#### [Problem details]
The answer must repeat every record exactly, with all pictures omitted.

#### [Data supplied]
::::::::::

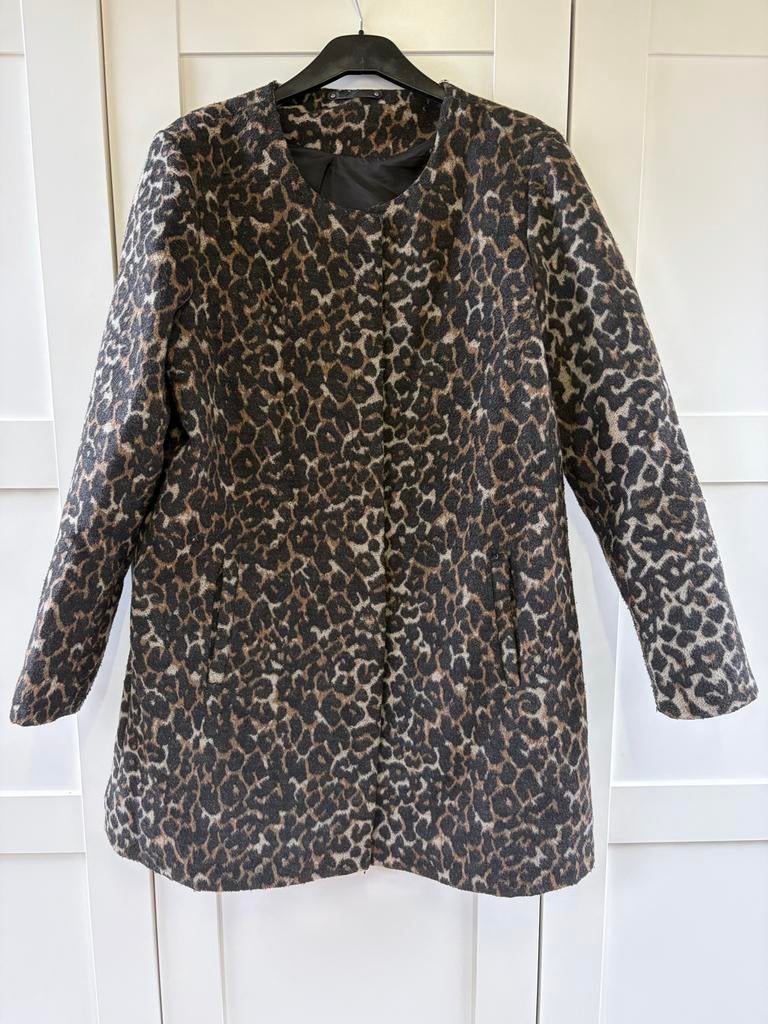 Leuke jas met luipaard print voor tussendoor, Ophalen of Verzenden, Gedragen, Maat 38/40 (M), Bruin
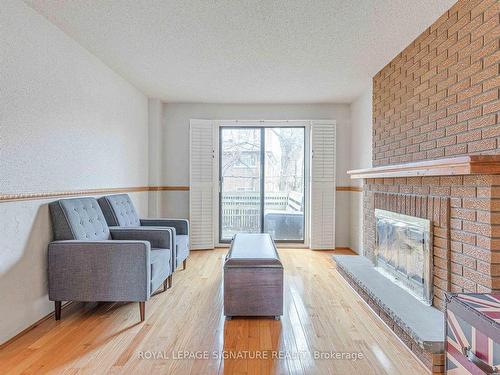 255 Plymouth Tr, Newmarket, ON - Indoor Photo Showing Living Room With Fireplace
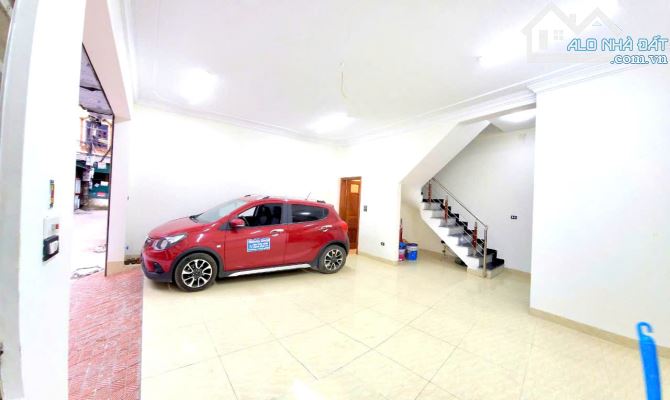 SIÊU VIP LỆ MẬT VIỆT HƯNG, NHÀ MỚI, LÔ GÓC 46 M², 6 TẦNG THANG MÁY, Ô TÔ VÀO NHÀ. - 2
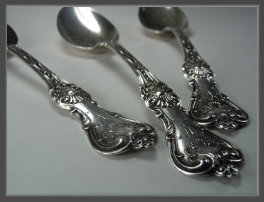 the_spoon_jeweler363014.jpg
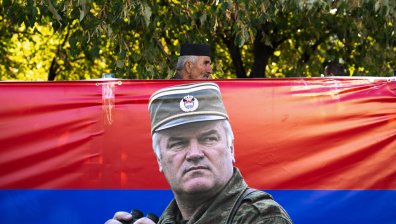 Поклон пред Ратко Младич: Тълпи се събраха преди погребението му в Белград (СНИМКИ)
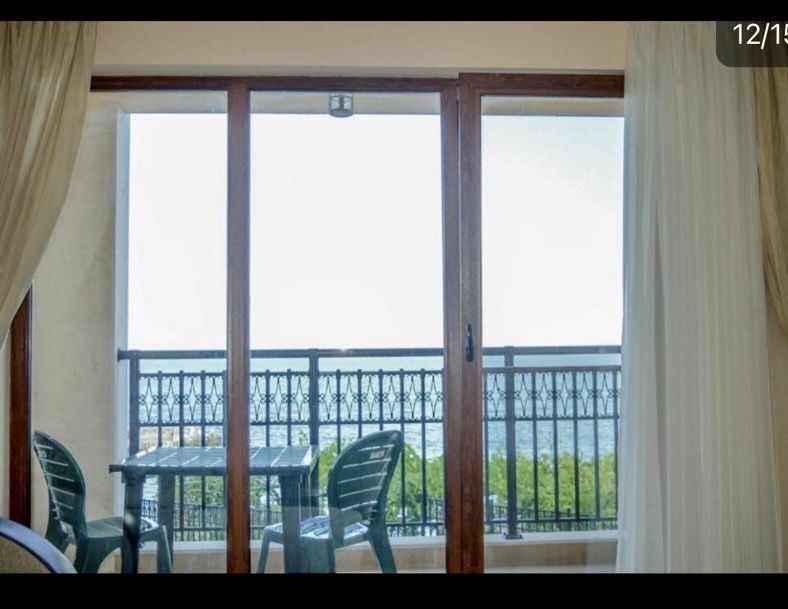 Дава се под наем Двустаен апартамент в Варна, м-т Траката - 88 кв.м за 561 € - Снимка #8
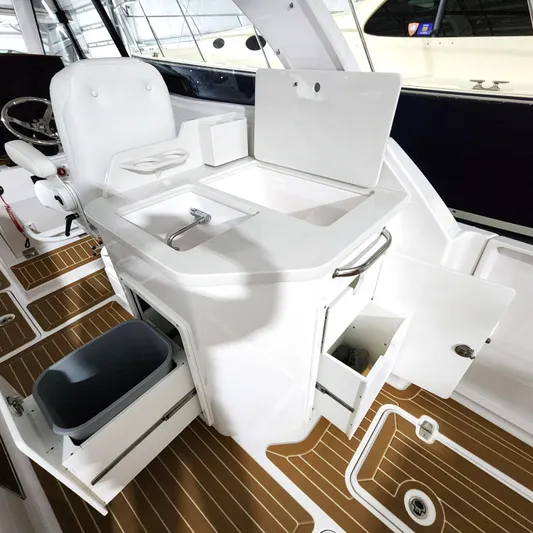 Stella Yacht Photos Pics 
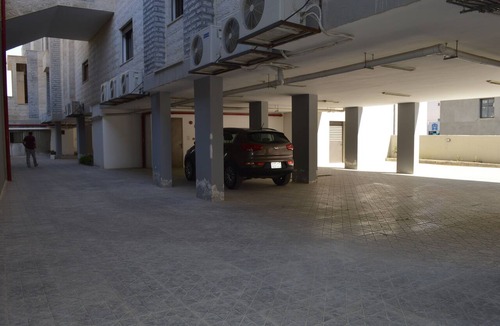 Ash Shumaysani Apartment | Classy two bedroom apartment, J07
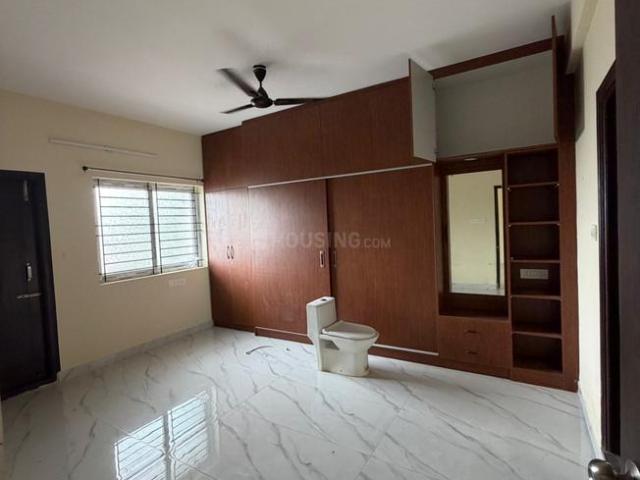 2 BHK Apartment in Murugeshpalya for rent Bengaluru. The reference number is 21043679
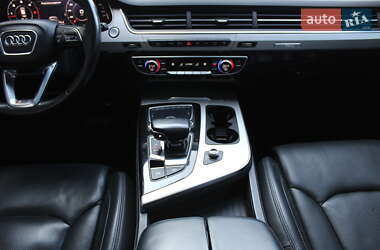 Внедорожник / Кроссовер Audi Q7 2017 в 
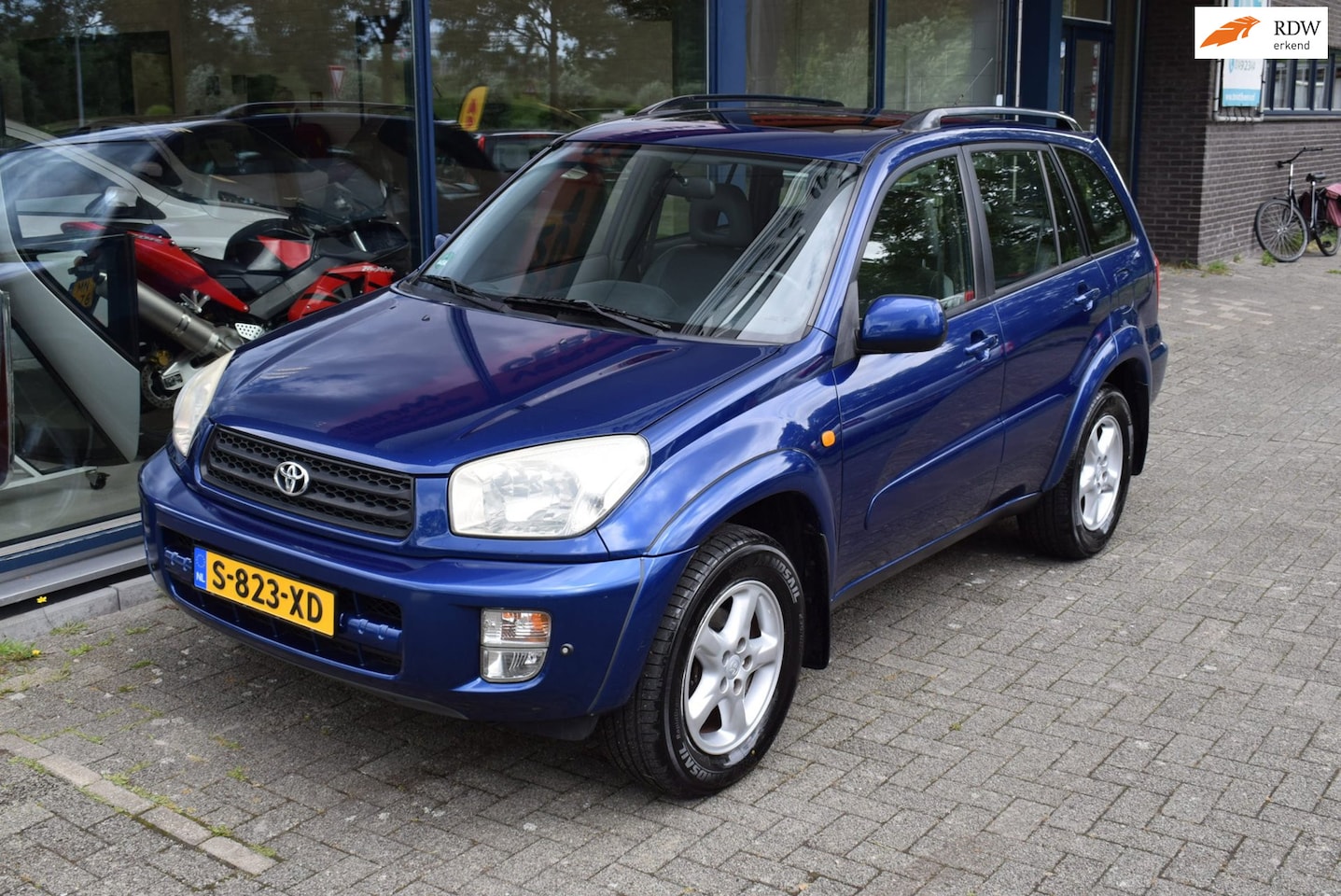 Toyota RAV4 - 2.0-16V VVT-i Luna AUTOMAAT 4WD - AutoWereld.nl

::::::::::

#### [Answer box]
 Leuke jas met luipaard print voor tussendoor, Ophalen of Verzenden, Gedragen, Maat 38/40 (M), Bruin
 255 Plymouth Tr, Newmarket, ON - Indoor Photo Showing Living Room With Fireplace
 SIÊU VIP LỆ MẬT VIỆT HƯNG, NHÀ MỚI, LÔ GÓC 46 M², 6 TẦNG THANG MÁY, Ô TÔ VÀO NHÀ. - 2
 the_spoon_jeweler363014.jpg
 Поклон пред Ратко Младич: Тълпи се събраха преди погребението му в Белград (СНИМКИ)
 Дава се под наем Двустаен апартамент в Варна, м-т Траката - 88 кв.м за 561 € - Снимка #8
 Stella Yacht Photos Pics 
 Ash Shumaysani Apartment | Classy two bedroom apartment, J07
 2 BHK Apartment in Murugeshpalya for rent Bengaluru. The reference number is 21043679
 Внедорожник / Кроссовер Audi Q7 2017 в 
 Toyota RAV4 - 2.0-16V VVT-i Luna AUTOMAAT 4WD - AutoWereld.nl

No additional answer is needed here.